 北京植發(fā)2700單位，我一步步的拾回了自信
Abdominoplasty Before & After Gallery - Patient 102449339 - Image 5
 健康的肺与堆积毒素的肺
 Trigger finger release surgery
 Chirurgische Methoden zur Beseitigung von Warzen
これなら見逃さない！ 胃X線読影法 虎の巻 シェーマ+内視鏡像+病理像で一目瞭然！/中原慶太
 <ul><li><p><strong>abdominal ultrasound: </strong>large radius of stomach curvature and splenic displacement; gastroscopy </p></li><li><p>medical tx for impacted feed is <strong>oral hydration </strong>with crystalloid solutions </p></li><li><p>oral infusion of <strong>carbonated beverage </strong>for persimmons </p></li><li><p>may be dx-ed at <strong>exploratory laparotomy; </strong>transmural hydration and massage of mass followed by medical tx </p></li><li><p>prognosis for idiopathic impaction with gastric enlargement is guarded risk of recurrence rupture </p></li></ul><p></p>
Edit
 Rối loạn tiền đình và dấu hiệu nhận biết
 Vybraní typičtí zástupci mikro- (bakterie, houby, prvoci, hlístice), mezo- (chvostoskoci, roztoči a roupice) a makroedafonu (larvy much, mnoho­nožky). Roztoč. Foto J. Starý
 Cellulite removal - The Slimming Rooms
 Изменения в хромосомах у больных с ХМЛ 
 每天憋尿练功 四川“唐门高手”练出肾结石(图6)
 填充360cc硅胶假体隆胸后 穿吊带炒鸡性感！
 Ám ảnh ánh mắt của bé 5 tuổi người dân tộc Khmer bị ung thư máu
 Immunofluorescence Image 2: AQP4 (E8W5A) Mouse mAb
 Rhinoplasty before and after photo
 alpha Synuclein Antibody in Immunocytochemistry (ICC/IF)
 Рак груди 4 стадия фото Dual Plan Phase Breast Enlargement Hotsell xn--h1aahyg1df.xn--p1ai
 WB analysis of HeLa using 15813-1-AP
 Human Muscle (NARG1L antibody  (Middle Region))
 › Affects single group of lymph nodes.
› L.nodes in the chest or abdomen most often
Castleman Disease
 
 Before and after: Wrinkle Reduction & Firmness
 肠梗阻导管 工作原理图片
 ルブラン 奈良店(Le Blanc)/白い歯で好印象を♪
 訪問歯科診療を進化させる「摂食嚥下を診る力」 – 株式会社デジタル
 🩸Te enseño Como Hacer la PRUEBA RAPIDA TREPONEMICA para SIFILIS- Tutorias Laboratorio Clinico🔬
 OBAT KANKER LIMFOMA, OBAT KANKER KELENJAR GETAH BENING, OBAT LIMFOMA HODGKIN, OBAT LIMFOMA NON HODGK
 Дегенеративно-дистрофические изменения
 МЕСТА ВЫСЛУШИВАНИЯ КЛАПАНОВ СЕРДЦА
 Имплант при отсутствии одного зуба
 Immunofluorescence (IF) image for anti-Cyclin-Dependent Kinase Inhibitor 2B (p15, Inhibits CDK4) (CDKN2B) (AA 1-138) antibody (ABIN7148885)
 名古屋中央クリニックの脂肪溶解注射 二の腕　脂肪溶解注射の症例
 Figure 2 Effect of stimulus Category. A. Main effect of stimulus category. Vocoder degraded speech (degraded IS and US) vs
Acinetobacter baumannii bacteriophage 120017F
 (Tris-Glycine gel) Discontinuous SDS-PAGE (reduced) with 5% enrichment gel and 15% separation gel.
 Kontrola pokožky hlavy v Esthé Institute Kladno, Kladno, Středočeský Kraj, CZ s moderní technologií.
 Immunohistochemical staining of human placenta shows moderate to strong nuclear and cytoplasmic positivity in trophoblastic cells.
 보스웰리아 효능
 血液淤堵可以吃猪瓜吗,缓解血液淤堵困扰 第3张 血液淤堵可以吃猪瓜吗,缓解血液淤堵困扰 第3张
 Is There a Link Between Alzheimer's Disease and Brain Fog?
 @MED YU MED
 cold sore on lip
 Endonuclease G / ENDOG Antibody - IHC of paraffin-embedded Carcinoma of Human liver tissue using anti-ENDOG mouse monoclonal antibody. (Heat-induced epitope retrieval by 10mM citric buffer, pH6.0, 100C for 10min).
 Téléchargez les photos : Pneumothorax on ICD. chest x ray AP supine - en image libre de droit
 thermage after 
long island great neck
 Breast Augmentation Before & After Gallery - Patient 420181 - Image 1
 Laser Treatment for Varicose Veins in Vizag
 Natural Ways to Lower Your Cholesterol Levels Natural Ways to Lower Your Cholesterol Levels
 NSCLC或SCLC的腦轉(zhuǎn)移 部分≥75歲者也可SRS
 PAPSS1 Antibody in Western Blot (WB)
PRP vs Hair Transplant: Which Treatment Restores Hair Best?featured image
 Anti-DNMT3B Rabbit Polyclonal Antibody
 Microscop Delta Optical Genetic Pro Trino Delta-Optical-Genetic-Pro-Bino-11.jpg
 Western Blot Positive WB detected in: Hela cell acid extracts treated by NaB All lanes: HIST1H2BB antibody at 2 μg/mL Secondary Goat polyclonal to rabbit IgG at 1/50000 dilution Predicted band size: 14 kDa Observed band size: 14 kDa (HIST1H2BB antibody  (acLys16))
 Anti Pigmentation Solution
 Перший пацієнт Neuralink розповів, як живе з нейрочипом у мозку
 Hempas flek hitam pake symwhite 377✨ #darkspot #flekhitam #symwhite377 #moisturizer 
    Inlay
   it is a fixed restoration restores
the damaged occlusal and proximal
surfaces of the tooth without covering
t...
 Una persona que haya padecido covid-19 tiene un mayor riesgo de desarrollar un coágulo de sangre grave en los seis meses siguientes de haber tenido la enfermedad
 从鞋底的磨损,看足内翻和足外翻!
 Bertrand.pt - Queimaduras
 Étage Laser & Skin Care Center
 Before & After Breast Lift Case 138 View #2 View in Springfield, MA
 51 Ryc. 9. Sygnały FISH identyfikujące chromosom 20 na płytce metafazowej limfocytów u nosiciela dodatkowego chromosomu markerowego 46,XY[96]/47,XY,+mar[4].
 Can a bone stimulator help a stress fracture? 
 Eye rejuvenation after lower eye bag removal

══════════

_Task objective:_
The answer must be the same records, repeated exactly and in full.

_Solved problem:_
 北京植發(fā)2700單位，我一步步的拾回了自信
Abdominoplasty Before & After Gallery - Patient 102449339 - Image 5
 健康的肺与堆积毒素的肺
 Trigger finger release surgery
 Chirurgische Methoden zur Beseitigung von Warzen
これなら見逃さない！ 胃X線読影法 虎の巻 シェーマ+内視鏡像+病理像で一目瞭然！/中原慶太
 <ul><li><p><strong>abdominal ultrasound: </strong>large radius of stomach curvature and splenic displacement; gastroscopy </p></li><li><p>medical tx for impacted feed is <strong>oral hydration </strong>with crystalloid solutions </p></li><li><p>oral infusion of <strong>carbonated beverage </strong>for persimmons </p></li><li><p>may be dx-ed at <strong>exploratory laparotomy; </strong>transmural hydration and massage of mass followed by medical tx </p></li><li><p>prognosis for idiopathic impaction with gastric enlargement is guarded risk of recurrence rupture </p></li></ul><p></p>
Edit
 Rối loạn tiền đình và dấu hiệu nhận biết
 Vybraní typičtí zástupci mikro- (bakterie, houby, prvoci, hlístice), mezo- (chvostoskoci, roztoči a roupice) a makroedafonu (larvy much, mnoho­nožky). Roztoč. Foto J. Starý
 Cellulite removal - The Slimming Rooms
 Изменения в хромосомах у больных с ХМЛ 
 每天憋尿练功 四川“唐门高手”练出肾结石(图6)
 填充360cc硅胶假体隆胸后 穿吊带炒鸡性感！
 Ám ảnh ánh mắt của bé 5 tuổi người dân tộc Khmer bị ung thư máu
 Immunofluorescence Image 2: AQP4 (E8W5A) Mouse mAb
 Rhinoplasty before and after photo
 alpha Synuclein Antibody in Immunocytochemistry (ICC/IF)
 Рак груди 4 стадия фото Dual Plan Phase Breast Enlargement Hotsell xn--h1aahyg1df.xn--p1ai
 WB analysis of HeLa using 15813-1-AP
 Human Muscle (NARG1L antibody  (Middle Region))
 › Affects single group of lymph nodes.
› L.nodes in the chest or abdomen most often
Castleman Disease
 
 Before and after: Wrinkle Reduction & Firmness
 肠梗阻导管 工作原理图片
 ルブラン 奈良店(Le Blanc)/白い歯で好印象を♪
 訪問歯科診療を進化させる「摂食嚥下を診る力」 – 株式会社デジタル
 🩸Te enseño Como Hacer la PRUEBA RAPIDA TREPONEMICA para SIFILIS- Tutorias Laboratorio Clinico🔬
 OBAT KANKER LIMFOMA, OBAT KANKER KELENJAR GETAH BENING, OBAT LIMFOMA HODGKIN, OBAT LIMFOMA NON HODGK
 Дегенеративно-дистрофические изменения
 МЕСТА ВЫСЛУШИВАНИЯ КЛАПАНОВ СЕРДЦА
 Имплант при отсутствии одного зуба
 Immunofluorescence (IF) image for anti-Cyclin-Dependent Kinase Inhibitor 2B (p15, Inhibits CDK4) (CDKN2B) (AA 1-138) antibody (ABIN7148885)
 名古屋中央クリニックの脂肪溶解注射 二の腕　脂肪溶解注射の症例
 Figure 2 Effect of stimulus Category. A. Main effect of stimulus category. Vocoder degraded speech (degraded IS and US) vs
Acinetobacter baumannii bacteriophage 120017F
 (Tris-Glycine gel) Discontinuous SDS-PAGE (reduced) with 5% enrichment gel and 15% separation gel.
 Kontrola pokožky hlavy v Esthé Institute Kladno, Kladno, Středočeský Kraj, CZ s moderní technologií.
 Immunohistochemical staining of human placenta shows moderate to strong nuclear and cytoplasmic positivity in trophoblastic cells.
 보스웰리아 효능
 血液淤堵可以吃猪瓜吗,缓解血液淤堵困扰 第3张 血液淤堵可以吃猪瓜吗,缓解血液淤堵困扰 第3张
 Is There a Link Between Alzheimer's Disease and Brain Fog?
 @MED YU MED
 cold sore on lip
 Endonuclease G / ENDOG Antibody - IHC of paraffin-embedded Carcinoma of Human liver tissue using anti-ENDOG mouse monoclonal antibody. (Heat-induced epitope retrieval by 10mM citric buffer, pH6.0, 100C for 10min).
 Téléchargez les photos : Pneumothorax on ICD. chest x ray AP supine - en image libre de droit
 thermage after 
long island great neck
 Breast Augmentation Before & After Gallery - Patient 420181 - Image 1
 Laser Treatment for Varicose Veins in Vizag
 Natural Ways to Lower Your Cholesterol Levels Natural Ways to Lower Your Cholesterol Levels
 NSCLC或SCLC的腦轉(zhuǎn)移 部分≥75歲者也可SRS
 PAPSS1 Antibody in Western Blot (WB)
PRP vs Hair Transplant: Which Treatment Restores Hair Best?featured image
 Anti-DNMT3B Rabbit Polyclonal Antibody
 Microscop Delta Optical Genetic Pro Trino Delta-Optical-Genetic-Pro-Bino-11.jpg
 Western Blot Positive WB detected in: Hela cell acid extracts treated by NaB All lanes: HIST1H2BB antibody at 2 μg/mL Secondary Goat polyclonal to rabbit IgG at 1/50000 dilution Predicted band size: 14 kDa Observed band size: 14 kDa (HIST1H2BB antibody  (acLys16))
 Anti Pigmentation Solution
 Перший пацієнт Neuralink розповів, як живе з нейрочипом у мозку
 Hempas flek hitam pake symwhite 377✨ #darkspot #flekhitam #symwhite377 #moisturizer 
    Inlay
   it is a fixed restoration restores
the damaged occlusal and proximal
surfaces of the tooth without covering
t...
 Una persona que haya padecido covid-19 tiene un mayor riesgo de desarrollar un coágulo de sangre grave en los seis meses siguientes de haber tenido la enfermedad
 从鞋底的磨损,看足内翻和足外翻!
 Bertrand.pt - Queimaduras
 Étage Laser & Skin Care Center
 Before & After Breast Lift Case 138 View #2 View in Springfield, MA
 51 Ryc. 9. Sygnały FISH identyfikujące chromosom 20 na płytce metafazowej limfocytów u nosiciela dodatkowego chromosomu markerowego 46,XY[96]/47,XY,+mar[4].
 Can a bone stimulator help a stress fracture? 
 Eye rejuvenation after lower eye bag removal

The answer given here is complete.